## Task item:
Although the records include pictures, the copy should not; write out exactly the lines from the first through the line with "Knopf Handbremse Druckknopf".

Top of Provided information

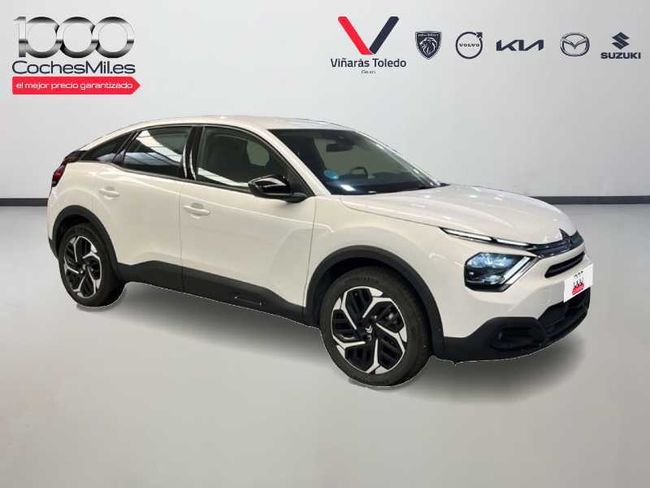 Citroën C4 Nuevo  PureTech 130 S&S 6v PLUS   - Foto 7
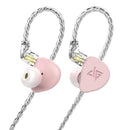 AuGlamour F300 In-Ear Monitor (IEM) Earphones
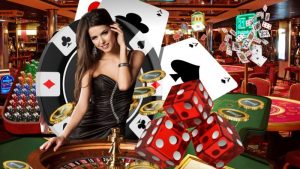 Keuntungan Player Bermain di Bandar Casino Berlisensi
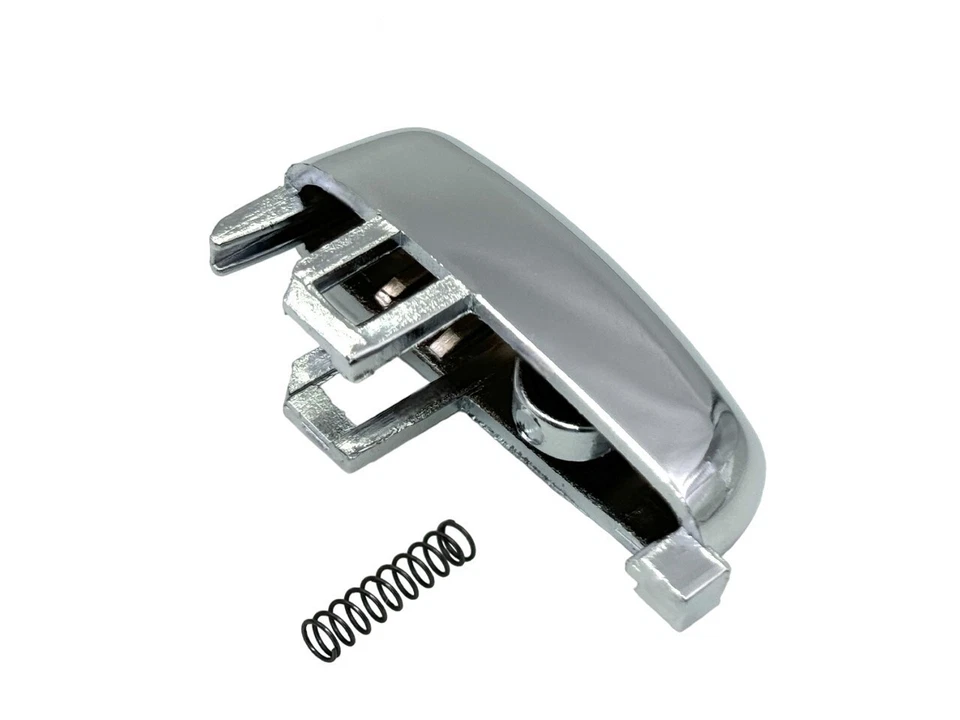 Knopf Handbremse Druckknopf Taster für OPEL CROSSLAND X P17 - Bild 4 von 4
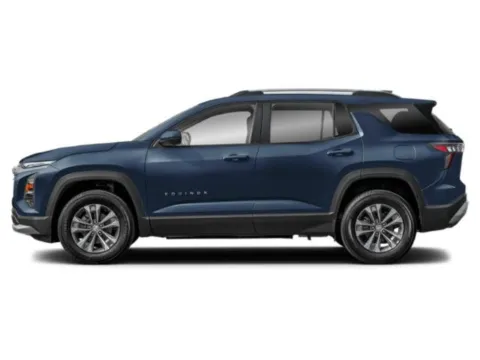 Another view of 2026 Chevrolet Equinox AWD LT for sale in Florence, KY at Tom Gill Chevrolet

Bottom of Provided information

## Output below:
 Citroën C4 Nuevo  PureTech 130 S&S 6v PLUS   - Foto 7
 AuGlamour F300 In-Ear Monitor (IEM) Earphones
 Keuntungan Player Bermain di Bandar Casino Berlisensi
 Knopf Handbremse Druckknopf Taster für OPEL CROSSLAND X P17 - Bild 4 von 4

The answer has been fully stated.